Favourable investment climate and healthcare reforms boost life sciences industry in Turkey

Published: 8-Jan-2015

Biologics, oncology drugs and blood-based products will be key revenue-generating areas, finds Frost & Sullivan

Big pharmaceutical companies and foreign investors are flocking to Turkey to capitalise on its encouraging economic policies, according to a new study from Frost & Sullivan.

The establishment of technology development zones that exempt pharmaceutical entrepreneurs and academics from taxes until 2023 has played a crucial role in driving R&D activity in the nation’s life sciences industry.

The report, 2014 Life Sciences Outlook in Turkey, finds that the industry earned revenue of US$14.5bn in 2013.

The pharmaceutical segment, valued at $14bn, is expected to rise to $21.65bn by 2018 at a compound annual growth rate (CAGR) of 9.1%.

Meanwhile, the clinical diagnostics segment, which accounted for the rest of the life sciences revenue, is forecasted to reach $0.70bn at a CAGR of 7.4%.

‘Biologics, oncology drugs and blood-based products are expected to support the development of the life sciences market in a big way,’ said Frost & Sullivan Healthcare Senior Research Analyst Aiswariya Chidambaram.

‘The biologics segment, which accounted for 11% of the total Turkish pharmaceutical market in 2012, is poised to expand at a CAGR of 15% between 2013 and 2018.’

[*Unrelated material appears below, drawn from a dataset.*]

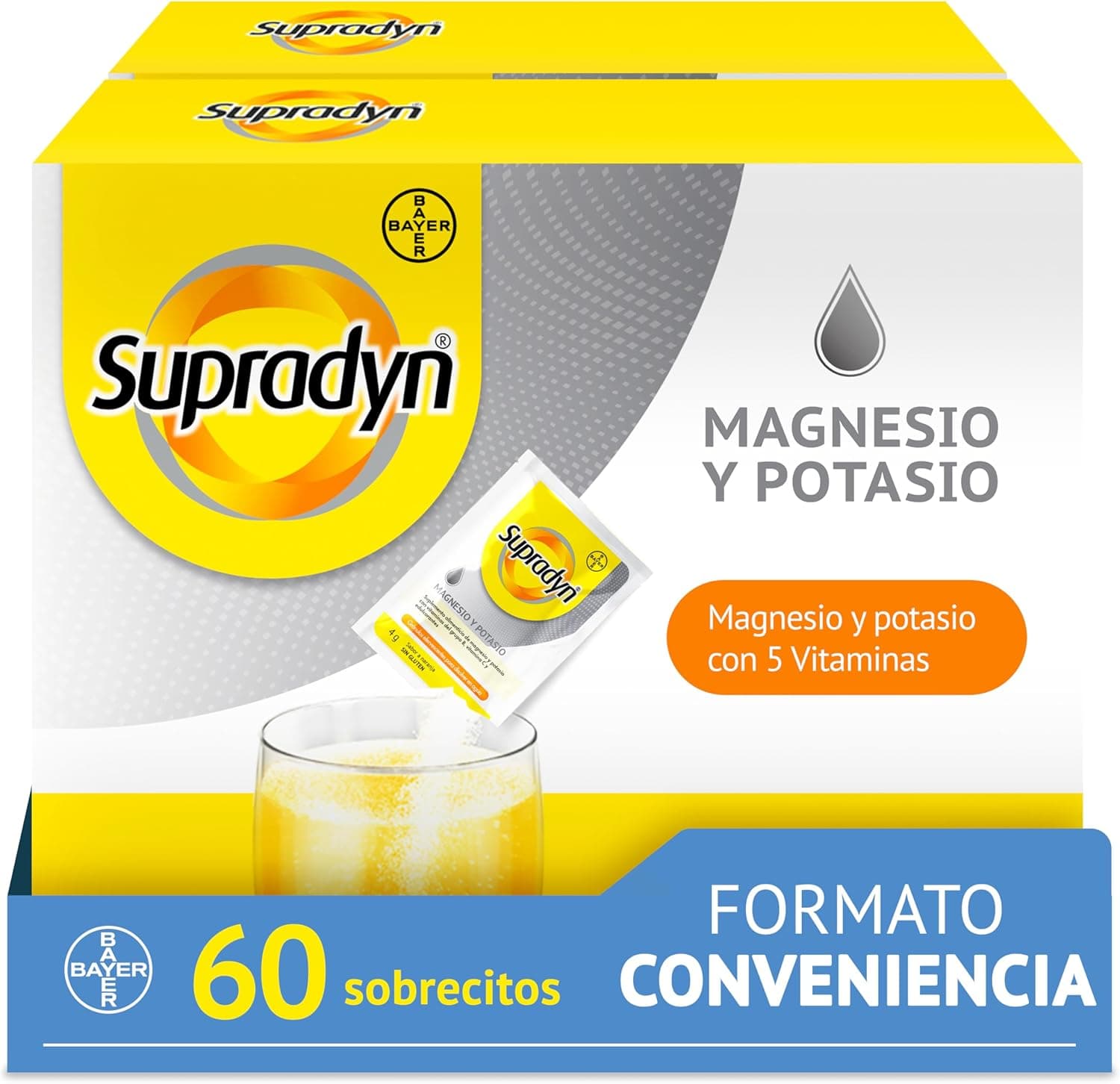 Supradyn Magnésio e potássio suplemento desportivo multivitamínico com vitamina B, C e minerais, apoio contra a fadiga em épocas de calor, sem açúcar, sabor a laranja, 60 envelopes fervescentes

Biologics, oncology drugs and blood-based products are expected to support the development of the life sciences market in a big way

On the other hand, the oncology segment will witness strategic investments – including certain tax allowances, customs duty exemption and value-added tax exemption – worth more than $9m, she added.

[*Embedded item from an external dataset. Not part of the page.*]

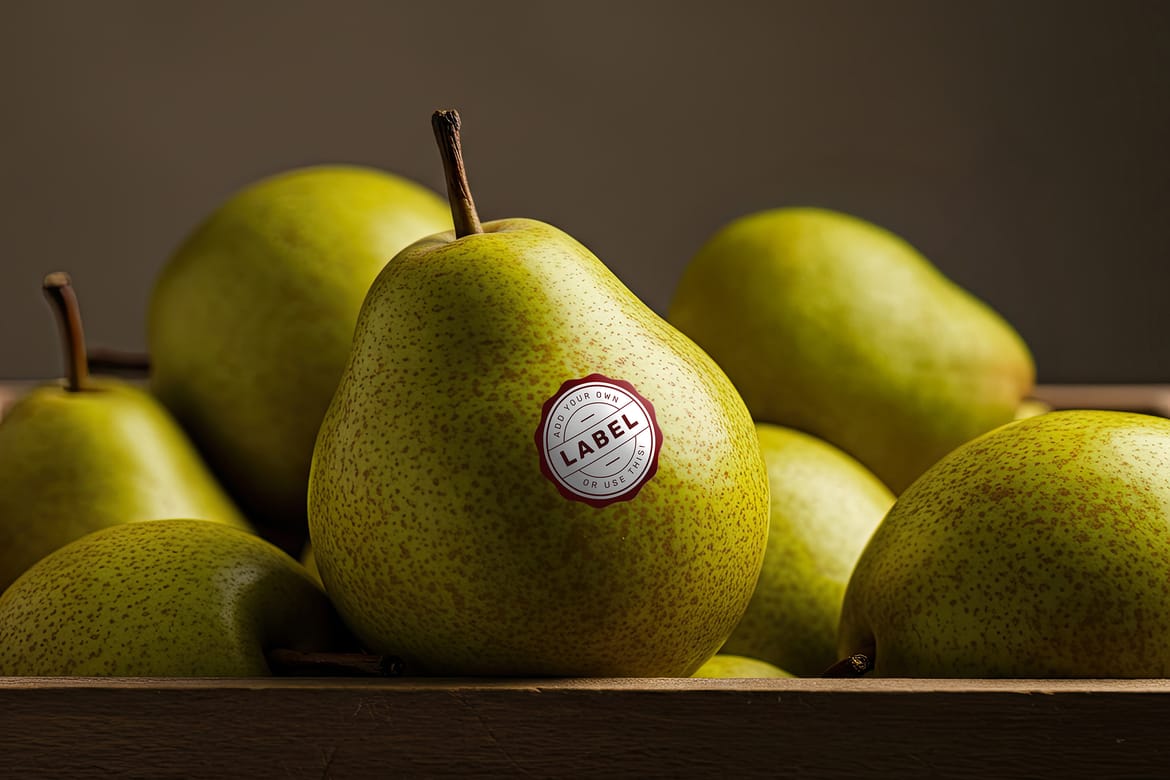 Sticker Logo Stamp on Pear Fruit Mockups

Turkey’s Healthcare Transformation Programme will remain instrumental in boosting spending across these segments and ensure that the country’s life sciences market progresses faster than the US, Japan and Europe, the report says.

But price ceilings that do not exceed 66% of drug reference prices and rigid reimbursement policies are having an adverse impact on foreign investors’ profits and overall market momentum.

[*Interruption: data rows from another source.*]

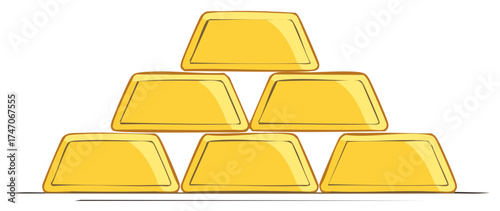 Stacked gold bars illustration representing wealth and riches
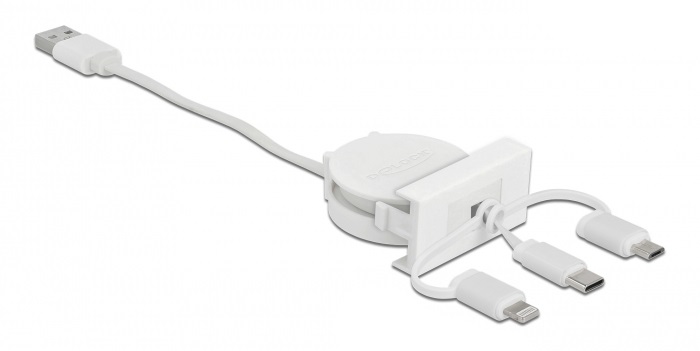 Delock 81375 Easy 45 3 az 1-ben USB-A 2.0 - USB-C/MicroUSB/Lightning behúzható kábel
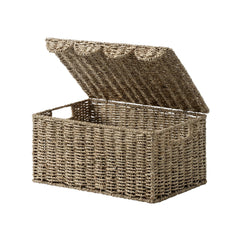 Seagrass Basket with Scalloped Lid and Built-in Handles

The lengthy drug approval process and poor patent protection are also dampening investment in the Turkish life sciences industry.

‘With the reimbursement amount for prescription drugs having decreased at an average AGR of 7.1% between 2009 and 2012, companies are increasingly going into the over-the-counter segment with different product offerings,’ said Chidambaram. ‘This trend is expected to significantly boost domestic production and supply capacity.’

Turkey is expected eventually to become the regional life sciences capital of the Middle East and North Africa, predicts the report.